Кто прав, кто виноват? Что правильно, а что неверно?

Пусть каждый в душе вел свои подсчеты, но никто не мог найти в себе смелость высказаться категорично.

Не в силах смотреть в лицо Сюэ Чжэнъюну, Мо Жань спрятал глаза за опущенными ресницами.

— Я и правда собирался умереть вместе со всеми в том огненном море, — какое-то время спустя сказал он. — Но когда очнулся, то обнаружил себя лежащим в кровати на Пике Сышэн. Тот самый господин сыскарь сидел у изголовья моей кровати. Увидев, что я пришел в сознание, он тут же крепко сжал мое плечо и сказал мне… отныне и впредь я и есть молодой господин Пика Сышэн, — Мо Жань сделал паузу, а потом с усмешкой закончил, — племянник дяди по отцу.

На ковровой дорожке, устилающей пол Зала Даньсинь, были вытканы цветы поллии. Безучастно уставившись на это буйное разноцветие, Мо Жань продолжил.

— Господин сыскарь побоялся, что в случае смерти Мо Няня не получит обещанное вознаграждение, поэтому, когда дядя вытащил меня из горящего Терема Цзуйюй и спросил у него, тот ли это ребенок, которого ему поручили найти, он утвердительно кивнул. Вот так всего один кивок того человека в один миг полностью изменил мою судьбу.

Наставник Сюаньцзин вздохнул:

— Будда Амитабха, благодетель Мо, неужели вас никогда не мучила совесть? Неужели за столько лет вы ни разу не хотели покаяться перед уважаемым главой Сюэ?

— Почему же не хотел? Когда я только очнулся, мне было очень не по себе, и я очень хотел покаяться в содеянном.

Взгляд Мо Жаня затуманился. Казалось, что сейчас он смотрит не вдаль, а сквозь годы прожитой жизни.

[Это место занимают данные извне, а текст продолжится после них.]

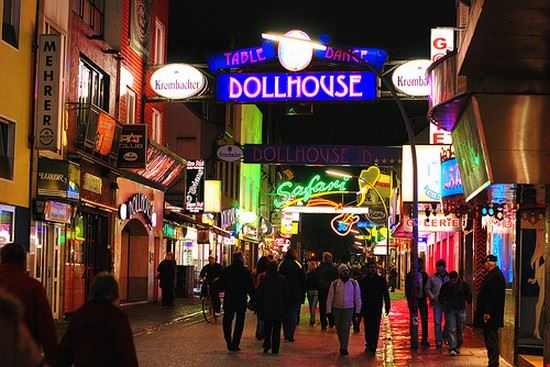 Reeperbahn, zona a luci rosse Foto:Ik’s World Trip  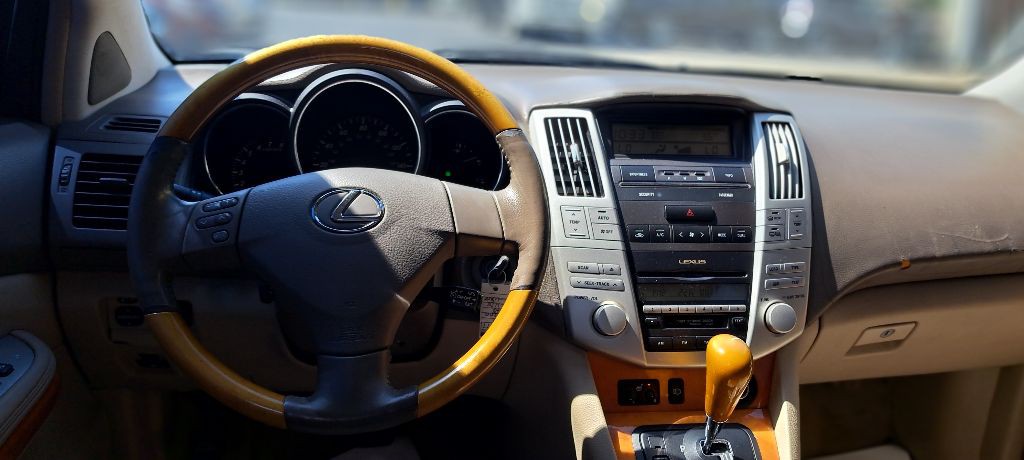 2004 Lexus RX 330 Image 6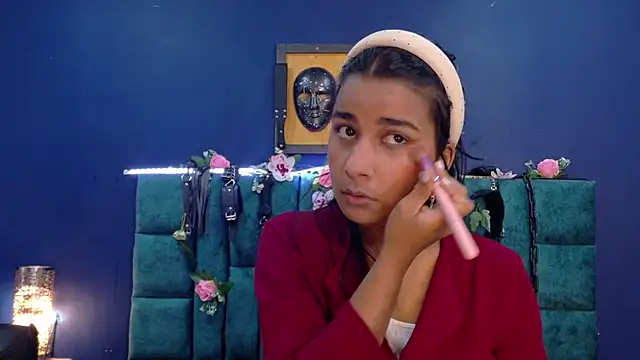 MariamLaraa online show from 03-22-25, 11:11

— Но узнав, что я очнулся, дядя… тут же пришел навестить меня, а тетя своими руками приготовила для меня длинную лапшу. Я помню, что в тарелке с лапшой лежало целых три поджаренных яйца, вырезанных в виде сердца, а сверху все это было посыпано мясным фаршем и густо полито мясным соусом. Она сказала мне… что после долгого беспамятства у меня может быть несварение желудка, поэтому лучше порежет все на мелкие кусочки, чтобы мне было легче проглотить. А потом пришел Сюэ Мэн и подарил мне целую коробку сладостей, — он медленно закрыл глаза. — Съев ту лапшу и цветочные пирожные, разве мог я просто взять и сказать им всю правду. Они так доброжелательно улыбались и так хорошо приняли меня… если бы я сказал, что поджег Терем Цзуйюй и убил их племянника и невестку… что тогда было бы? Я не смог им сказать, — прошептал Мо Жань. — Эти слова застряли у меня горле, и чем дальше… тем меньше я представлял, как такое можно произнести.

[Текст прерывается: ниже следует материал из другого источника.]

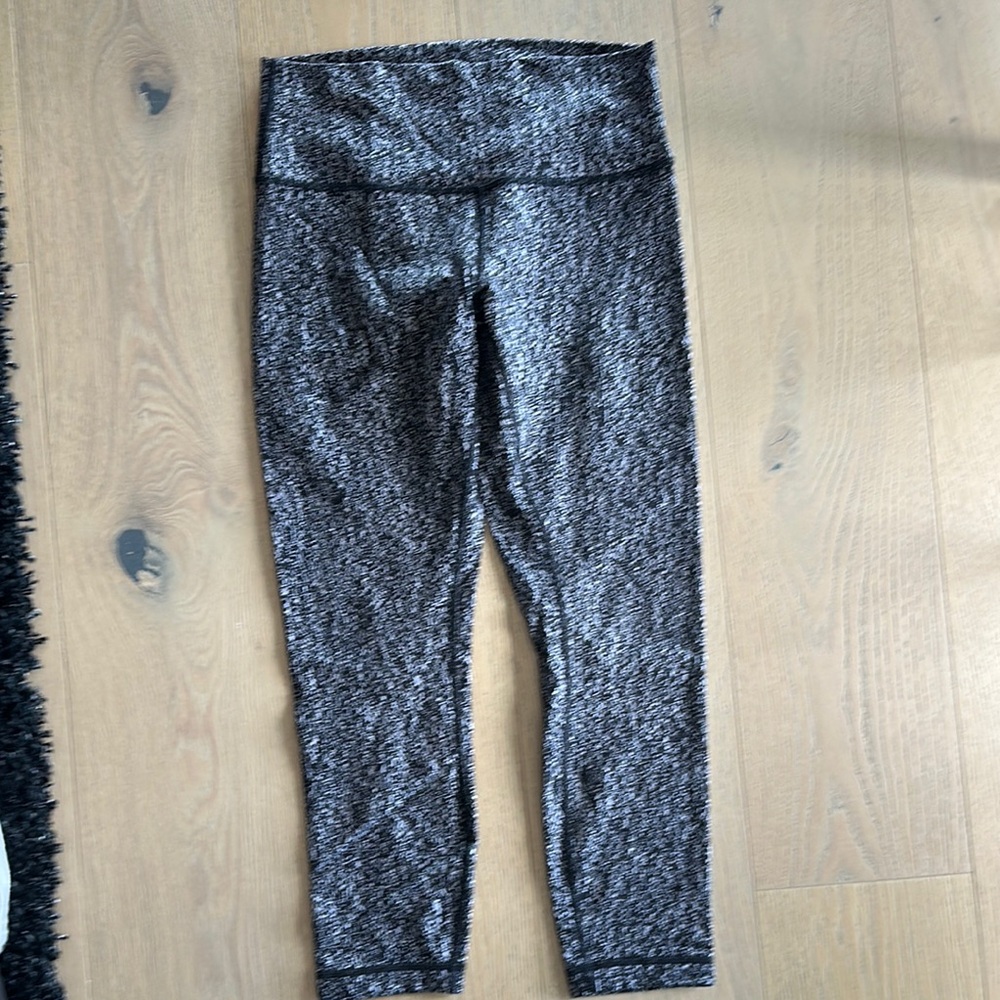 Lululemon Black and White Leggings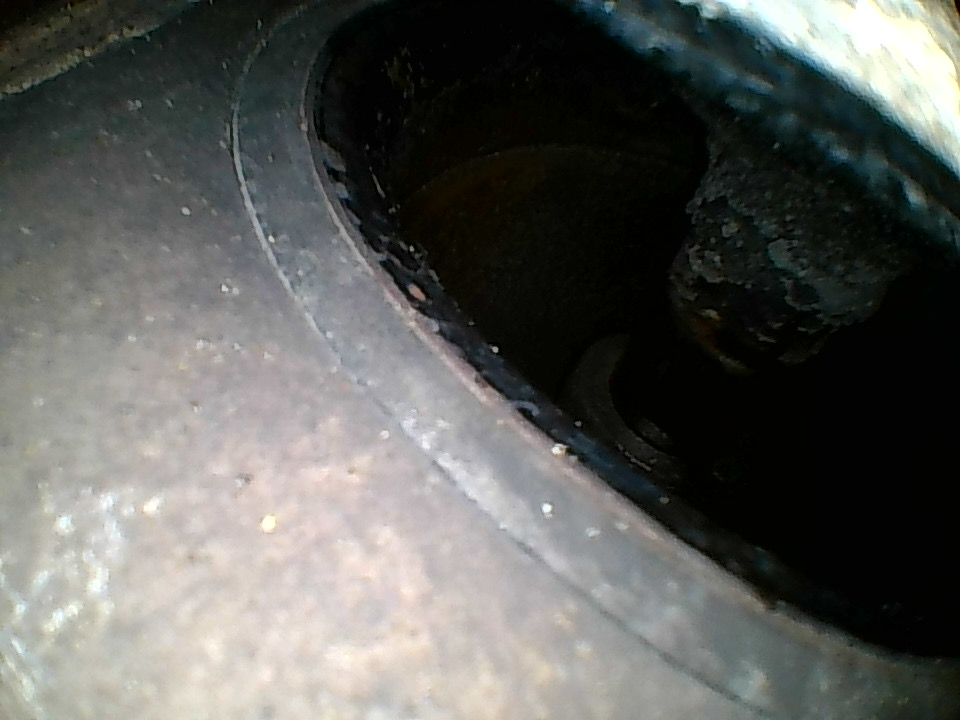Cylinder 1 intake valve seat
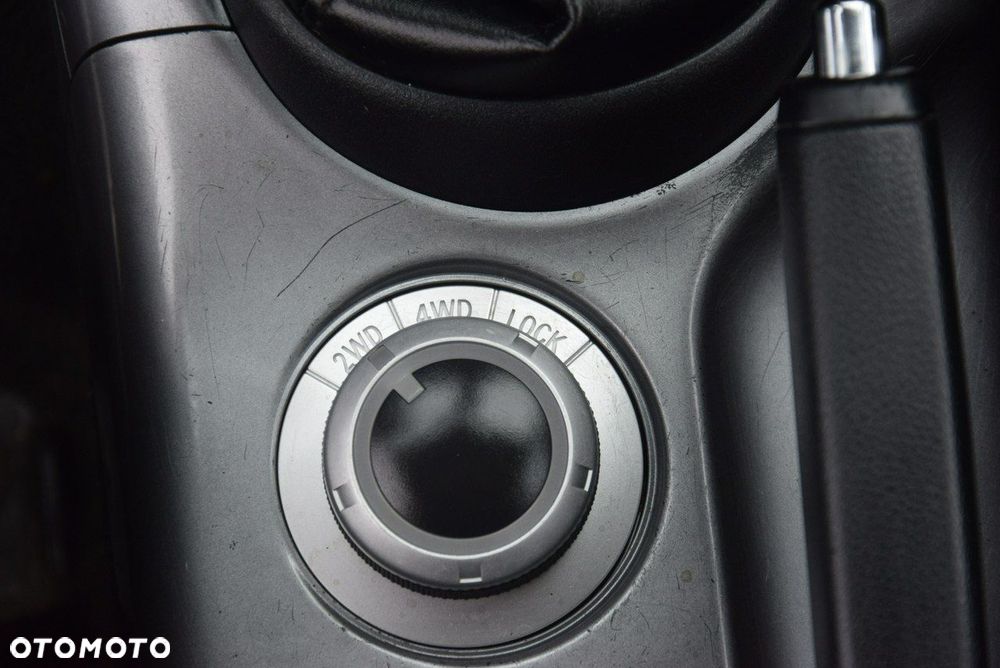 Mitsubishi Outlander 2.0 DI-D 4WD Inform - 27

Настоятель Сюаньцзин лишь печально вздохнул, а Мо Жань продолжил свою исповедь:

— Я знал, каким человеком был Мо Нянь: он не любил работать, был ленив и беспечен. Поначалу было непонятно, как много о нем известно дяде, поэтому я старался подражать ему во всем. Позже стало ясно, что дядя ничего о нем не знает, так что я перестал считать его мерилом и больше не придерживался его образа жизни и поведения, — Мо Жань запнулся и после продолжительной паузы сказал, — если уж зрить в корень, между мной и всей семьей Мо Няня есть непогашенный кровный долг и глубокая вражда, но в итоге я занял место их родственника и стал для них самым родным человеком.

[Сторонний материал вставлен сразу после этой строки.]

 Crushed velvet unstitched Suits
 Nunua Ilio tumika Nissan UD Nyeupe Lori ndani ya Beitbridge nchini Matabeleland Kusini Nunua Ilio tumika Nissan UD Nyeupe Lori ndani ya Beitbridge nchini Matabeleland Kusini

Все на Пике Сышэн были ошеломлены. Немало лично знавших Мо Жаня учеников и старейшин застыли в оцепенении, охваченные смешанными чувствами. Сюэ Чжэнъюн и госпожа Ван тоже молчали и пораженно смотрели на застывшего перед ними Мо Жаня.

От зеленого юнца до уважаемого всеми образцового наставника, этот ребенок буквально вырос у них на глазах. Но теперь им говорят, что с самого начала все это было одной большой ошибкой: Мо Жань вовсе не их племянник, более того, между ними стоят отнятые человеческие жизни и кровная вражда. Что тут можно сказать? Что тут можно сделать?

Сюэ Чжэнъюн этого не знал, и госпожа Ван тоже не могла этого понять. Они никогда не видели «Мо Няня», все добрые чувства, что они испытывали к старшему брату при жизни, после его смерти перешли ребенку по имени Мо Жань. Они в самом деле не знали, кто такой Мо Нянь, но они гладили Мо Жаня по голове, брали его за руку и лишь Мо Жань называл их «дядя» и «тетя». В душе Сюэ Чжэнъюна все слишком перепуталось.

В повисшей тишине Му Яньли сказала:

— Мо Жань, хотя вы достойны жалости, но совершили слишком много преступлений, чтобы их можно было простить. Сможете ли вы сосчитать, сколько их было? Вы понимаете, сколько зла вы причинили?

Мо Жань издавна не любил Цитадель Тяньинь, поэтому просто закрыл глаза и не стал ей отвечать.

Му Яньли презрительно взглянула на него. Ее исполненный торжественности голос разнесся по залу подобно звону храмового колокола:

— Вы зверски убили множество простых людей, сожгли целый терем, обманным путем получили высокий статус, прикрывались именем молодого господина… Кроме того, прекрасно зная о своем кровном родстве с семьей Наньгун, на горе Цзяо вы предпочли остаться безучастным зрителем, а затем, следуя непостижимому для нас замыслу, проникли в орден Гуюэе и совершили массовое убийство, залив кровью всю приемную… В конце концов, скажите, зачем это было, какова ваша конечная цель?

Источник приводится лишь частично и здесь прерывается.